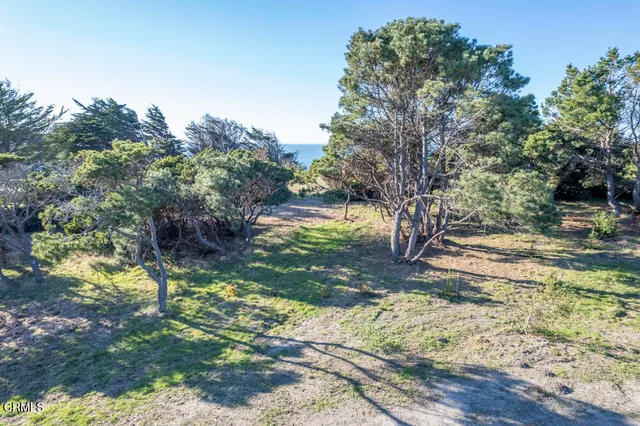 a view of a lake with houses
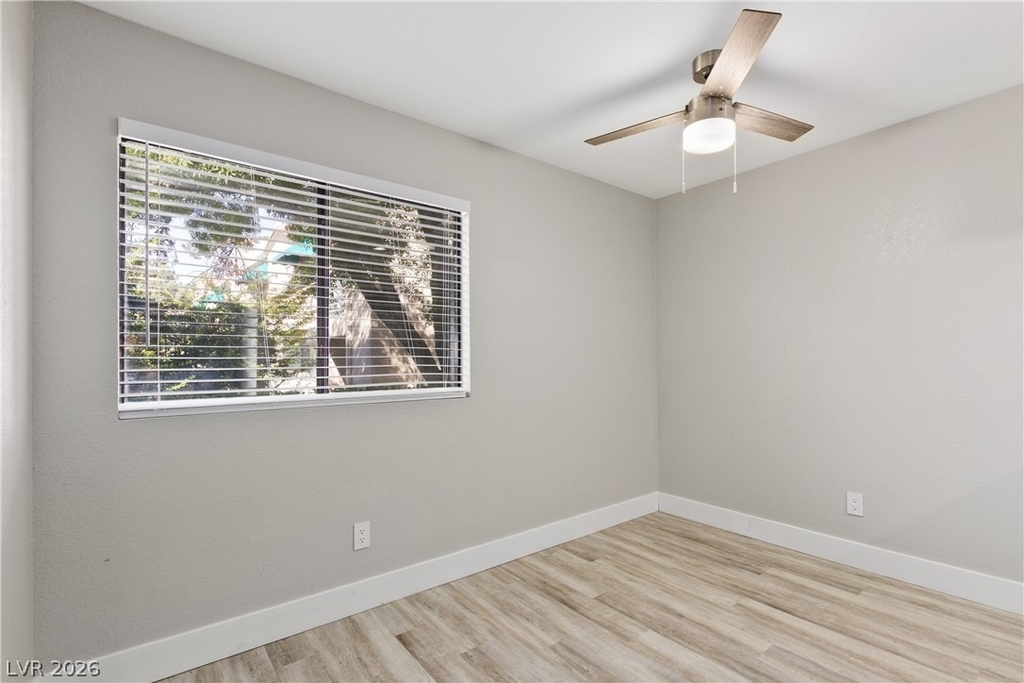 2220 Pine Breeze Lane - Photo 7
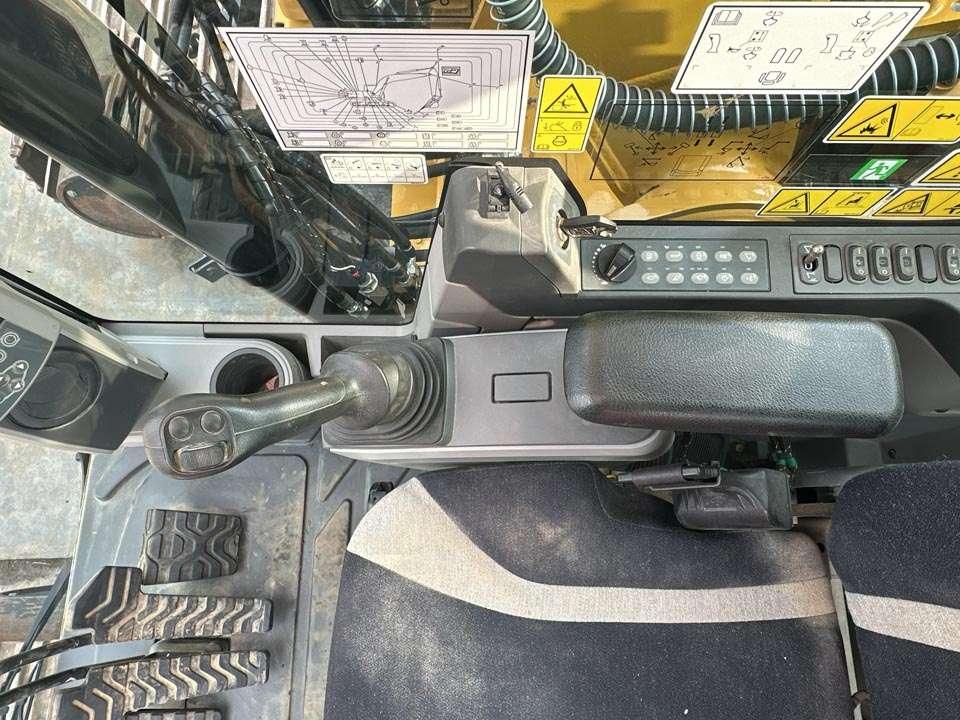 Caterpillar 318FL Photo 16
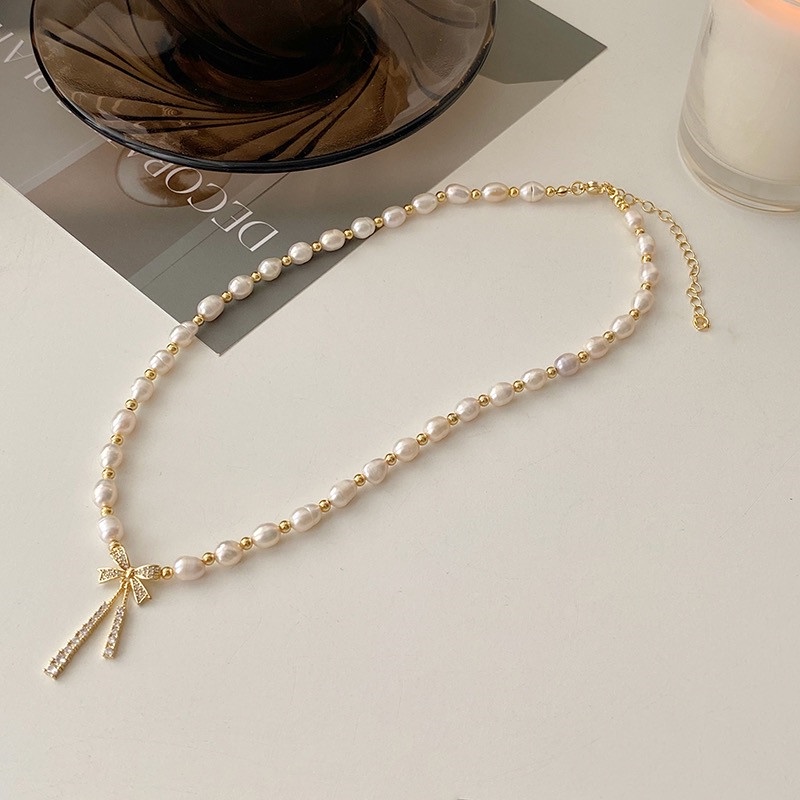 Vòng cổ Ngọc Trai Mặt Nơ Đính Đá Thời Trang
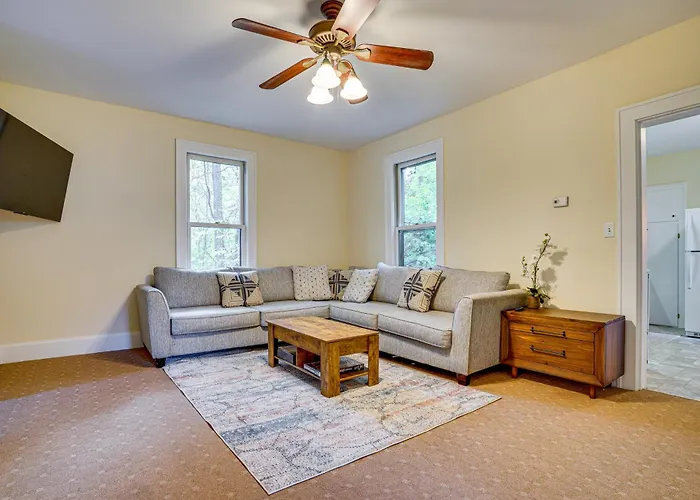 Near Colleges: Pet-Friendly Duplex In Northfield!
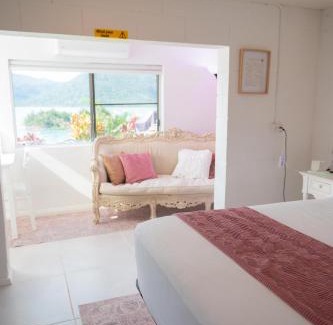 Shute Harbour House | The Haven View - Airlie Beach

****************************************

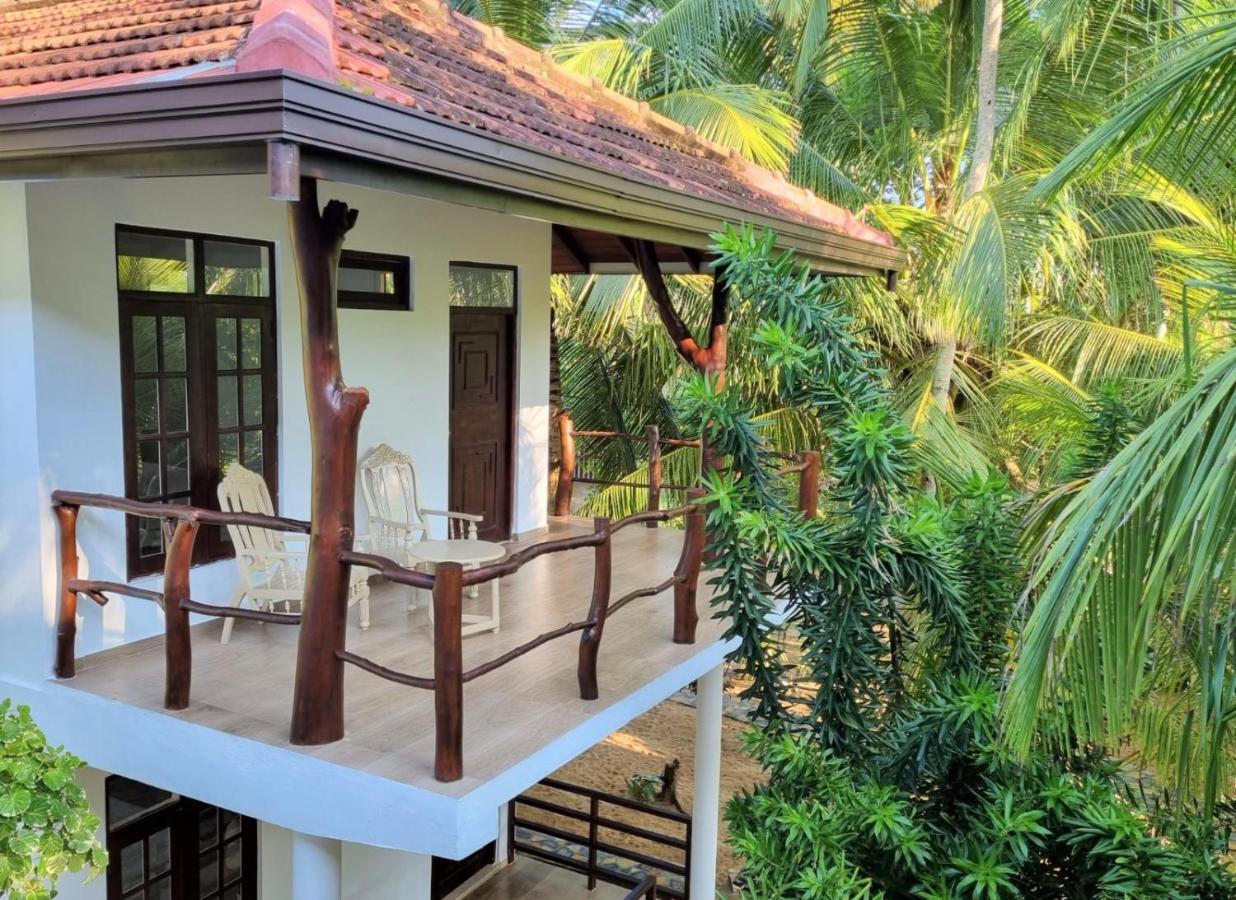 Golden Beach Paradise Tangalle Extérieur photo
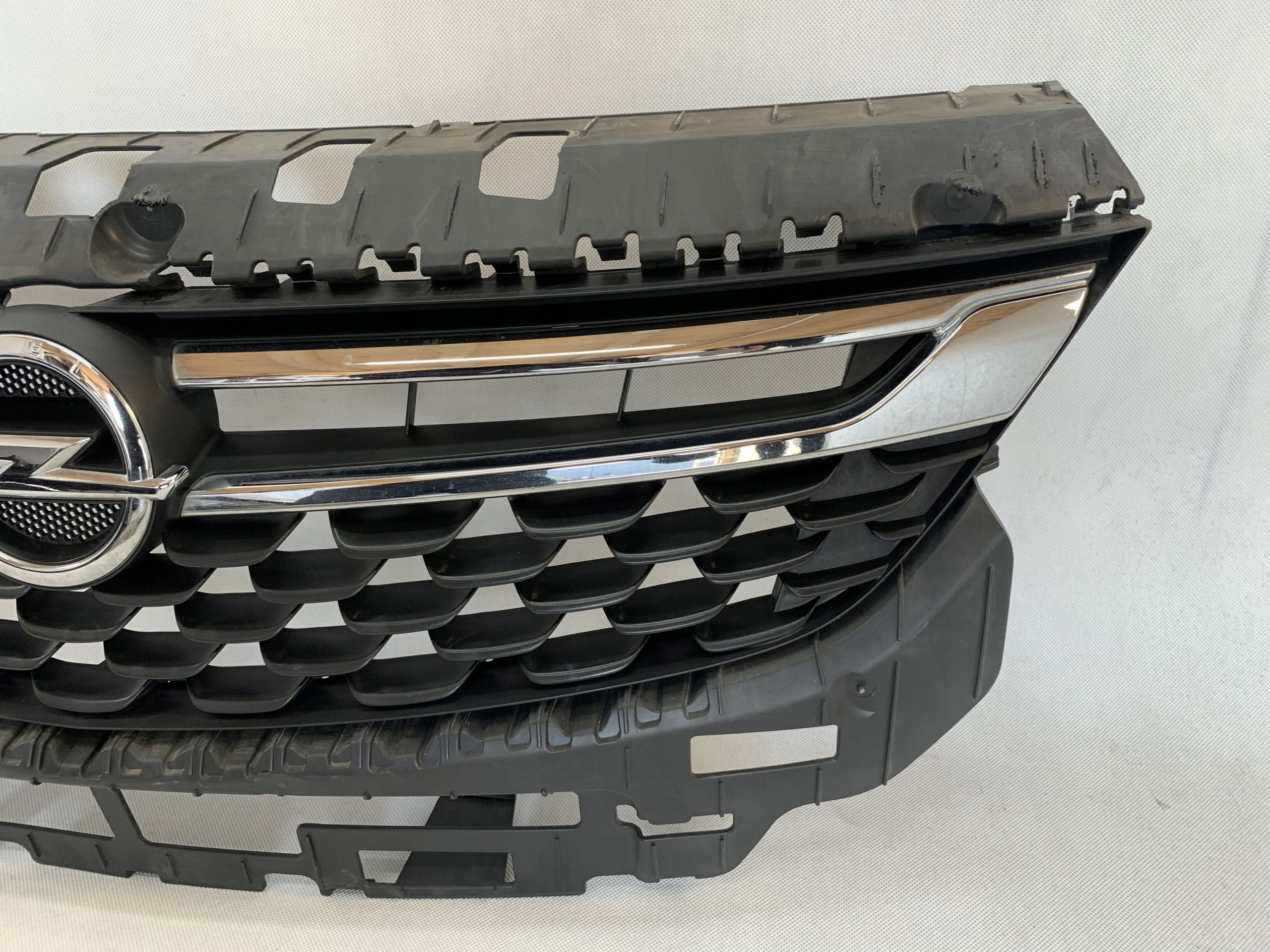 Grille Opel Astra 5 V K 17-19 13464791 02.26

****************************************

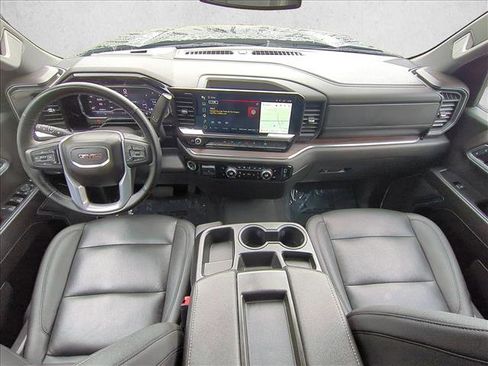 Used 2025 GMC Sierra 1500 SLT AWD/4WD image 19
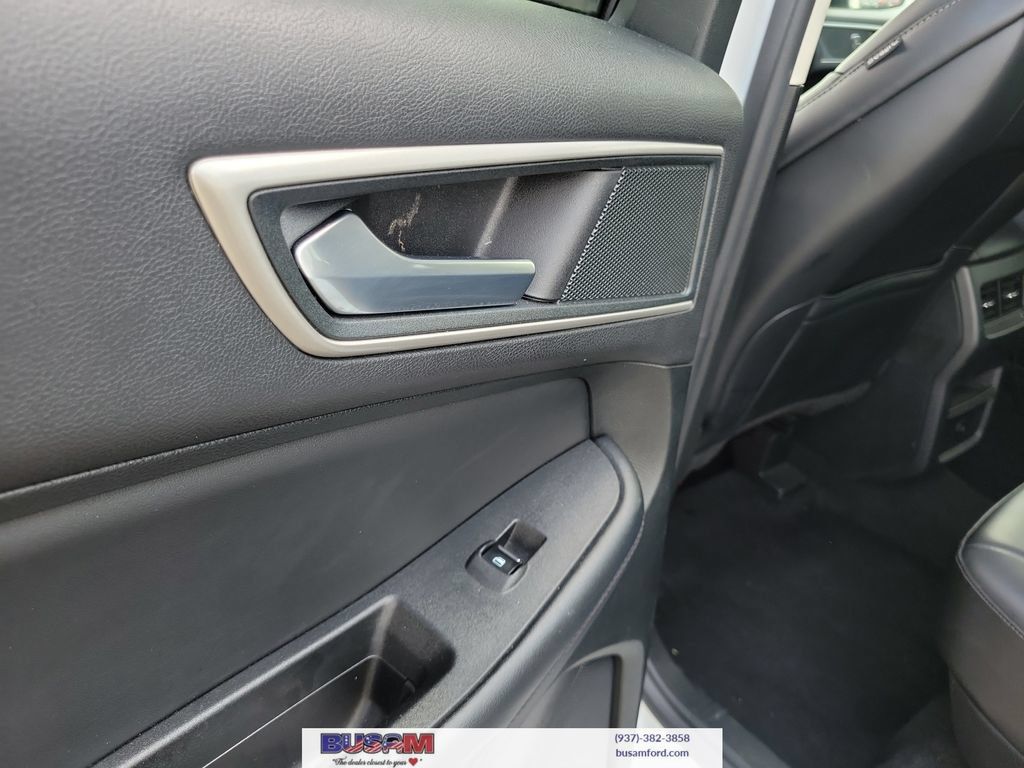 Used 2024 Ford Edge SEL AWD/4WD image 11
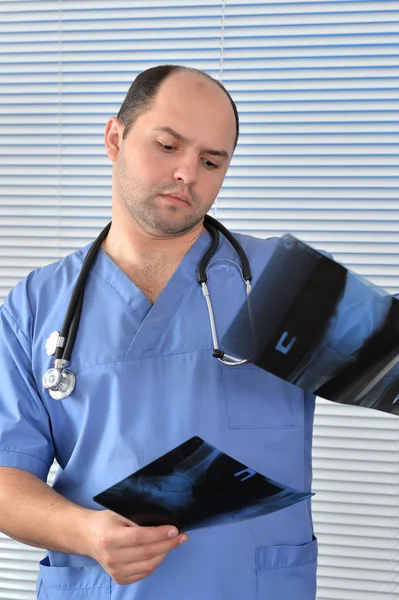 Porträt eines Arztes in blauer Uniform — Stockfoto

****************************************

• [WHAT YOU WILL DO]: Copy word for word only the lines above from the one with "a view of a lake with houses" through the one with "Shute Harbour House". Leave pictures out.

• [EXERCISE RESULT]:
 a view of a lake with houses
 2220 Pine Breeze Lane - Photo 7
 Caterpillar 318FL Photo 16
 Vòng cổ Ngọc Trai Mặt Nơ Đính Đá Thời Trang
 Near Colleges: Pet-Friendly Duplex In Northfield!
 Shute Harbour House | The Haven View - Airlie Beach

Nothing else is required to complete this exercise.